Web page caption snippets

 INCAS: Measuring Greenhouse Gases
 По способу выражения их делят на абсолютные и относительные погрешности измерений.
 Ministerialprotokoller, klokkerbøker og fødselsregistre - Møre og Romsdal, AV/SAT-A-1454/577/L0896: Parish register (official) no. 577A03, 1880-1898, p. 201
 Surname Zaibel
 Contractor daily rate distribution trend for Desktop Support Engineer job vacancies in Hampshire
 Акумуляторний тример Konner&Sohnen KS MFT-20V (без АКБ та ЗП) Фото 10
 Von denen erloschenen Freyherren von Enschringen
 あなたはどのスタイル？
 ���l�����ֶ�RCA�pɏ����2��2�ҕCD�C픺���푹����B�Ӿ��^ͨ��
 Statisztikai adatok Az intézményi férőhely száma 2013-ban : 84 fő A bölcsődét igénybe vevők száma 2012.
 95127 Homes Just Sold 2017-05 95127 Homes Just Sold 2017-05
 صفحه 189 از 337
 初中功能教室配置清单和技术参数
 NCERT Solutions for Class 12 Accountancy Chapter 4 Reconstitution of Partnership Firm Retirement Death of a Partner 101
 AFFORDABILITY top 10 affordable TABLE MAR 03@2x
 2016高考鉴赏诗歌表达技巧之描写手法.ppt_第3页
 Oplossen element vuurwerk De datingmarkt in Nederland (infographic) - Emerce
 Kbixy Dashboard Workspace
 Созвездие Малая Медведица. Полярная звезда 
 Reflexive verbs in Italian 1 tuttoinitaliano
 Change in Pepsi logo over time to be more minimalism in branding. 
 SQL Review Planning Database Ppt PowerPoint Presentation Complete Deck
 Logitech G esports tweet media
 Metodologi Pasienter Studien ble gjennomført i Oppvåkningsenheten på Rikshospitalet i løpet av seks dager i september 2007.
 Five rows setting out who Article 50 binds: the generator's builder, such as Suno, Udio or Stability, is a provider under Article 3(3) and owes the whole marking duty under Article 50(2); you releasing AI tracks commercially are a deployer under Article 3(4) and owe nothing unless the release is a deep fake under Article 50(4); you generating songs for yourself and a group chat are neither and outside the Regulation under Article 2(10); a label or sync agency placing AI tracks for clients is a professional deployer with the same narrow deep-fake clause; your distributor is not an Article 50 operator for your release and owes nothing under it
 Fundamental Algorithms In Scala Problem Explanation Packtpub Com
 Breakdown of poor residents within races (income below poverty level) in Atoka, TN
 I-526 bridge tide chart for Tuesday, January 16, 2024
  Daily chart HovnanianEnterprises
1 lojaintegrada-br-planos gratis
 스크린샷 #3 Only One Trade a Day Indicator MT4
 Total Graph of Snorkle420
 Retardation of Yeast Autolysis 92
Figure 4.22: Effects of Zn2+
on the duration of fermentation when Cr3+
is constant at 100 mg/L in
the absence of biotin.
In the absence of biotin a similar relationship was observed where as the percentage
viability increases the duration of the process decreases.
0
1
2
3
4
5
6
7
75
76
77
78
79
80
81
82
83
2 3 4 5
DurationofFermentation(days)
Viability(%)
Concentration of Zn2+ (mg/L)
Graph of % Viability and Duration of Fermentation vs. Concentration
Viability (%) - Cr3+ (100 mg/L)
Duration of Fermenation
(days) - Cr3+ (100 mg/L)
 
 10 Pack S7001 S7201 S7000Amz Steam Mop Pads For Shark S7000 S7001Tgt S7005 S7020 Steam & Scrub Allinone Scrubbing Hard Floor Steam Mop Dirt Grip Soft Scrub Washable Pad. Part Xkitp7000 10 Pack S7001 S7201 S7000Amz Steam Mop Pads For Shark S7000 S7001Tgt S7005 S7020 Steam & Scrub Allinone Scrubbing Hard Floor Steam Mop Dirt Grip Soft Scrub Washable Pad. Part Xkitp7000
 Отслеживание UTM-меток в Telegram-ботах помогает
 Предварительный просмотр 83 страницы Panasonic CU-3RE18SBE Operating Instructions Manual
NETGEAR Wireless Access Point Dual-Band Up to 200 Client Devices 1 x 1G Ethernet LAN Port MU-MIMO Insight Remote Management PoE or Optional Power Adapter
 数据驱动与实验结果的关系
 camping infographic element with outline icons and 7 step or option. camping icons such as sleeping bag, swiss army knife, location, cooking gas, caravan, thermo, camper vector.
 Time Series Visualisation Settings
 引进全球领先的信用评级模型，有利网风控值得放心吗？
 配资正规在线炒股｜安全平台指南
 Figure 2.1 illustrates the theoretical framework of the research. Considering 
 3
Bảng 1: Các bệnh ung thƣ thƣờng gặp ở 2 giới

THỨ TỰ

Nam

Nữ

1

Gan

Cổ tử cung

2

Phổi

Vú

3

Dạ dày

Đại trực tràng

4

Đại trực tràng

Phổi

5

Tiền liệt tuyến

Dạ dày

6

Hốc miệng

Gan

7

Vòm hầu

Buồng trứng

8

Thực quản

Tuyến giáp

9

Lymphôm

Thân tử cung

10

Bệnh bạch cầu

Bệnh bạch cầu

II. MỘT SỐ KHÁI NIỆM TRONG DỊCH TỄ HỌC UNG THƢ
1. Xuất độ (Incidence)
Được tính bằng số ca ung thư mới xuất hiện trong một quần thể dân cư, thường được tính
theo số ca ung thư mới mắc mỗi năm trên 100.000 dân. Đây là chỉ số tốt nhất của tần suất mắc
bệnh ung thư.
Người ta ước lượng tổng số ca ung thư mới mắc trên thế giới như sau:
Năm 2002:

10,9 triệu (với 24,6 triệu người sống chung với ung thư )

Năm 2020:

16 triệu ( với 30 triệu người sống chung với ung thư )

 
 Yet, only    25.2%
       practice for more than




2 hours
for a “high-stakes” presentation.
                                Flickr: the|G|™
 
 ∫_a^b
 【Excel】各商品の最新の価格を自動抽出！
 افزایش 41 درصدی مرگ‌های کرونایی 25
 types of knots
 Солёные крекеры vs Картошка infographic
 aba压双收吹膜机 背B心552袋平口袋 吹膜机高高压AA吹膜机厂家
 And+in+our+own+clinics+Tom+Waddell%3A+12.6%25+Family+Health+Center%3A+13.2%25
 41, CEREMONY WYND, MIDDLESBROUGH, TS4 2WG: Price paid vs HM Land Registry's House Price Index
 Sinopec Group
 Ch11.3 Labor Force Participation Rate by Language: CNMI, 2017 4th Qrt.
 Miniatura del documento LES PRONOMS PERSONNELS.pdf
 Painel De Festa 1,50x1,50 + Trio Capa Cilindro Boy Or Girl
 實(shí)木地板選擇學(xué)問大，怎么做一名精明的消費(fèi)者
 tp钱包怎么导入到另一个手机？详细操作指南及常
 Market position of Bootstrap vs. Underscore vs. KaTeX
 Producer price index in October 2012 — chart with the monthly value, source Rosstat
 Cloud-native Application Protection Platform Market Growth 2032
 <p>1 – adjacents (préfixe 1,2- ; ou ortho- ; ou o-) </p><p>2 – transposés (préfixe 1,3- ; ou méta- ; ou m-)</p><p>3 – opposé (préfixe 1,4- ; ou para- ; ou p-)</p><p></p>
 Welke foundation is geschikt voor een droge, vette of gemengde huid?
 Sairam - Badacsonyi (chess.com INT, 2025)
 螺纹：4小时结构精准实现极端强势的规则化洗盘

> [Work request]: Among the lines above, list those that contain the word "Market".

> [Completed exercise]:
 Market position of Bootstrap vs. Underscore vs. KaTeX
 Cloud-native Application Protection Platform Market Growth 2032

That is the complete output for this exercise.